Down to the last line, restate the records below word for word, dropping every image.

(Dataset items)
::::

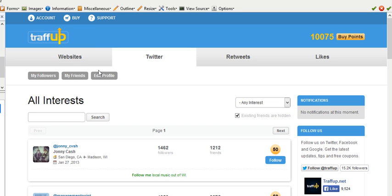Hello guys, now I'm going to show you the iMacro scripts that I have for TraffUp. Here are my points right now, 10,075.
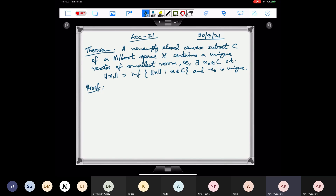Of course, this kind of result is true in more general Banach spaces — if the space is uniformly convex then this is true. But let us prove this for Hilbert space. Let d = inf{‖x‖ : x ∈ C}.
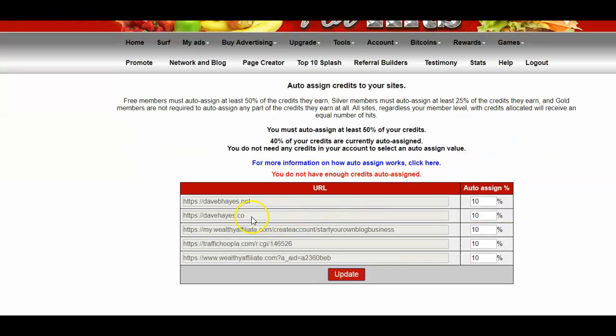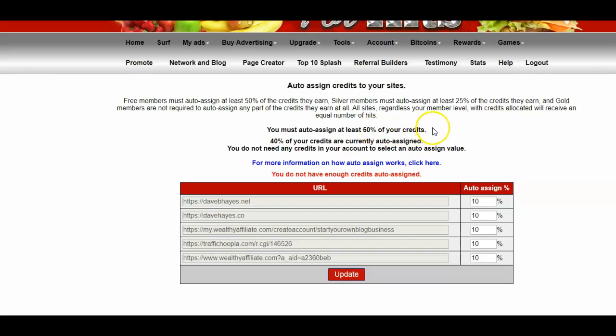So I have five websites here, and it says I must auto-assign at least 50% of my credits. What I've done here is, because I have five websites shown and I need to have 50% auto-allocated...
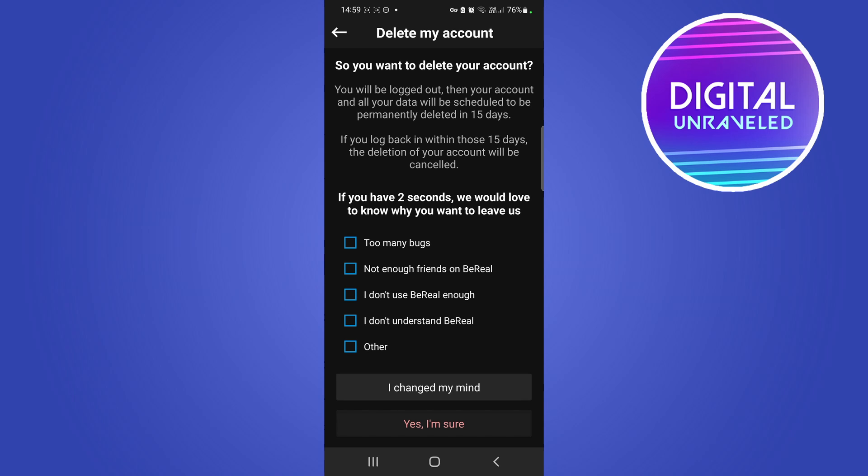Either too many bugs, not enough friends on BeReal, I don't use the app enough. When you've given your reason, so I could write I don't use BeReal enough, and when you're happy with that, you just want to say yes I'm sure.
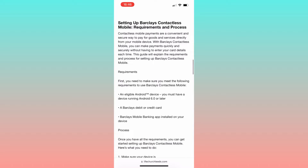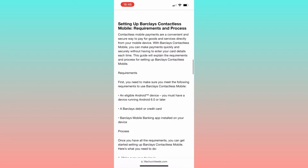Additionally, ensure that you have the most up-to-date version of the Barclays app. To achieve this, simply launch either the Play Store or the App Store and execute the necessary updates.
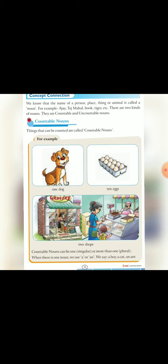तो countable noun क्या होती है? Things that can be counted are called countable nouns जो things हम count कर सकते हैं उन्हें countable noun केते हैं Like one dog, ten eggs, two shops. Countable nouns can be one, singular, or more than one, plural.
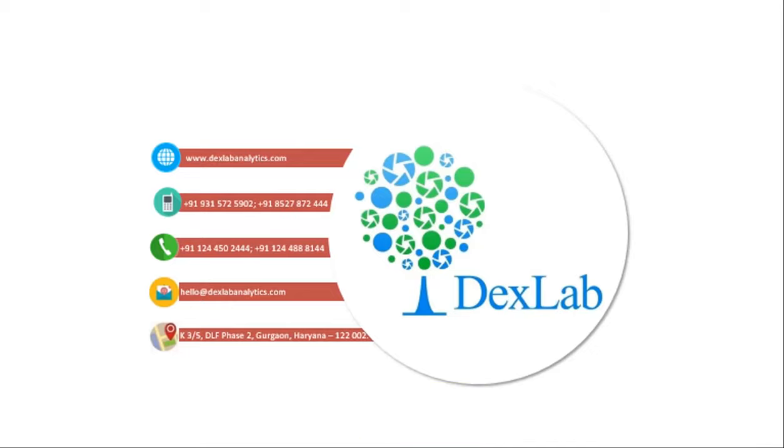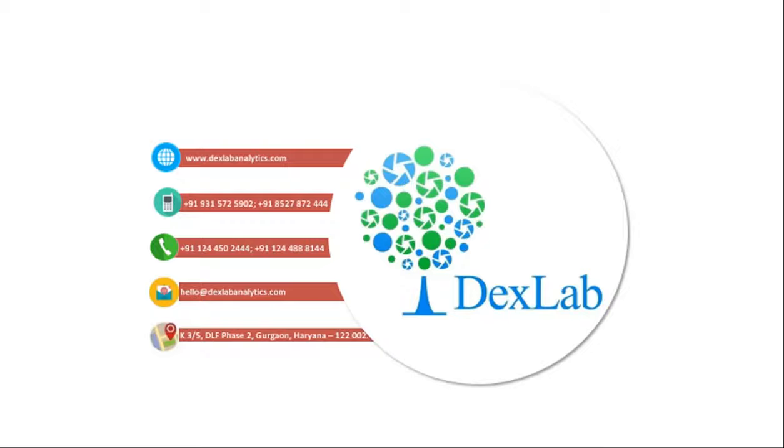So that's it for today's video. If you like this video, please click on the like button. Press on the subscribe button if you want to hear more from us. And also if you want to learn more about Dexlab Analytics, please visit the website www.dexlabanalytics.com. Thank you for watching. Take care. Bye bye.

::::

Problem solution:
Hello guys, now I'm going to show you the iMacro scripts that I have for TraffUp. Here are my points right now, 10,075.
Of course, this kind of result is true in more general Banach spaces — if the space is uniformly convex then this is true. But let us prove this for Hilbert space. Let d = inf{‖x‖ : x ∈ C}.
So I have five websites here, and it says I must auto-assign at least 50% of my credits. What I've done here is, because I have five websites shown and I need to have 50% auto-allocated...
Either too many bugs, not enough friends on BeReal, I don't use the app enough. When you've given your reason, so I could write I don't use BeReal enough, and when you're happy with that, you just want to say yes I'm sure.
Additionally, ensure that you have the most up-to-date version of the Barclays app. To achieve this, simply launch either the Play Store or the App Store and execute the necessary updates.
तो countable noun क्या होती है? Things that can be counted are called countable nouns जो things हम count कर सकते हैं उन्हें countable noun केते हैं Like one dog, ten eggs, two shops. Countable nouns can be one, singular, or more than one, plural.
So that's it for today's video. If you like this video, please click on the like button. Press on the subscribe button if you want to hear more from us. And also if you want to learn more about Dexlab Analytics, please visit the website www.dexlabanalytics.com. Thank you for watching. Take care. Bye bye.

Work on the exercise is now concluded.